5 things learnt from UNODC report

Bribes

A survey by the United Nations Office on Drugs and Crime (UNODC) and the Nigerian Bureau of Statistics (NBS) shows Nigerians paid N675 billion as bribes to public officials this year.

There are however other interesting reveals from the survey which involved 33,000 households, and 33,067 respondents across all states of the country and the FCT.

Nigerians now internalise Bribery:

Naming and shaming or whistle-blowing is an important way to eradicate corruption, but Nigerians feeling too helpless to demand change now internalise corruption.

In 2016, the biggest reason why Nigerians did not report corruption was that the majority (35%) believed it was pointless and nobody would care, while 33 percent said it was common practice.

This year, the percentage of people who believe nobody would listen dropped to 28 percent while the majority (35%) now say bribery is normal.

This shows that discouraged Nigerians are now beginning to accept a culture of corruption.

Bribery has a Regional dimension:

On a regional basis, the prevalence of bribery has declined more in the Northern Region with the North East and North West noting a decline, while the South-South and South-East have noted increases except the South-West where there was a decline.

The biggest decline was in the North-West while North-Central saw the biggest increase.

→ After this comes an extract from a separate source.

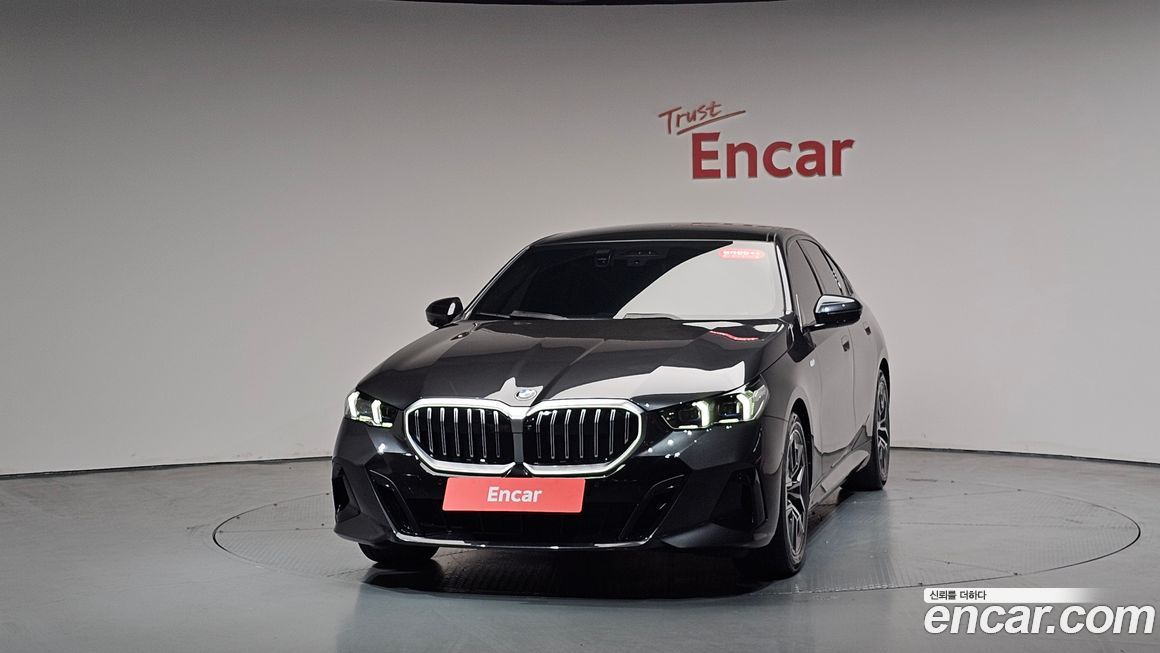 BMW 5-Series 2024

Healthcare, Security, Housing now more pressing issues than Corruption:

In 2019, less percentage of Nigerians see corruption as a concern. More importantly, they rate Health care and Housing as bigger issues affecting their lives.

Corruption moved down the list from 3rd to 5th position with 9 percent considering it an issue compared to 14 percent three years ago, meanwhile, there has been a sharp increase in the level of public concern about security and health issues while housing trumps corruption on the public concern.

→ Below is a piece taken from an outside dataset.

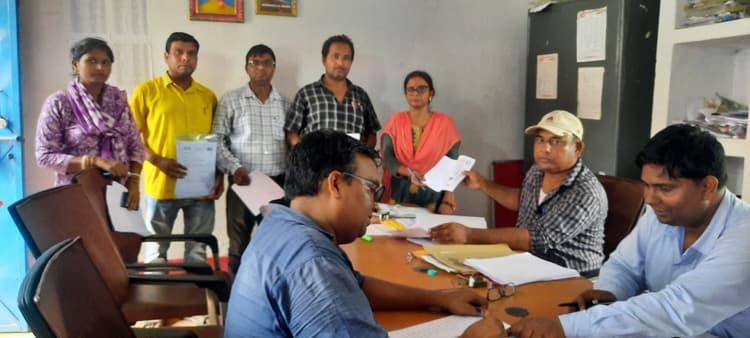 प्रधान शिक्षकों के बीच बांटे गये नियुक्ति पत्र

Corruption is declining but Nigerians think otherwise:

Most Nigerians-except in the North East and North West-are convinced that the country is more corrupt than it used to be although the reality is different.

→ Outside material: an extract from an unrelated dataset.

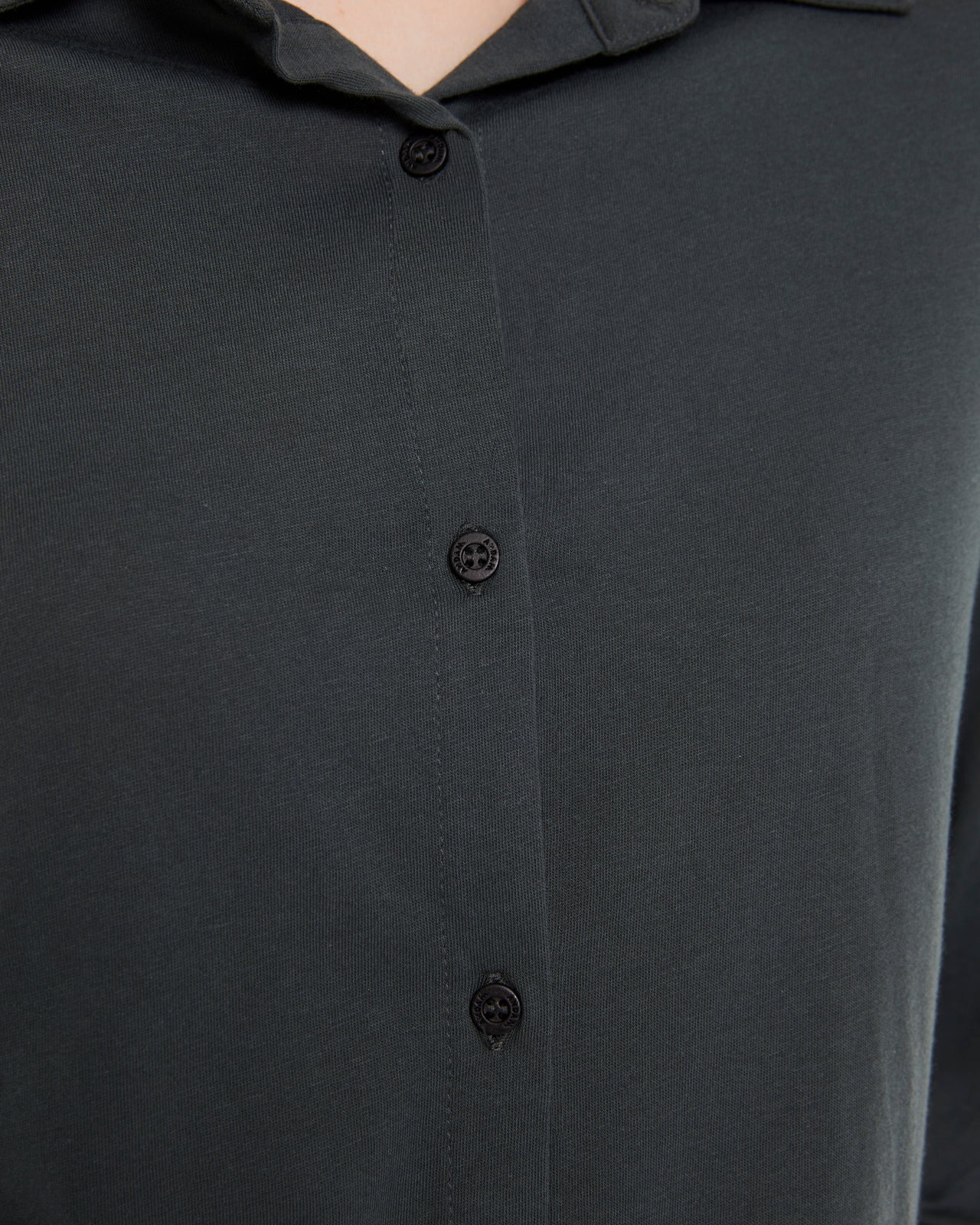 Women's plain knit shirt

Citizens’ actual experience of corruption has declined by 2 percent points to 30 percent.

According to the researchers, a possible explanation of the pattern comes from the subjective evaluation of whether, first, the Government is committed in the fight against corruption and, second, whether it is effective.

“These indicators are highly correlated with each other (meaning that those who think the Government is not committed to the fight against corruption also think that it is not effective) and, unsurprisingly, they show regional polarization,” the survey noted.

Bribes are paid more for family reasons than for business favours:

Nigerians pay bribes mostly to speed up procedure but it is not for business reasons but for personal ones.

More than half of bribes (57 per cent) paid to public officials were purely for personal and family reasons, while a quarter of bribes were paid for work or business reasons, according to the report.

Nevertheless, the average bribes paid for work- or business-related reasons (N9,148) was significantly larger than the average cash bribes paid for personal or family reasons (NGN 4,818).

In addition, the average number of bribes paid per bribe-payer was roughly eight in the case of bribes paid for business reasons and five in the case of bribes paid for personal or family reasons.

These shares (private vs personal) were largely the same as in the 2016 survey with 12 percent of cases where bribes were paid simultaneously for personal and business-related reasons.

In six percent of the cases, the motivation for paying bribes was not known.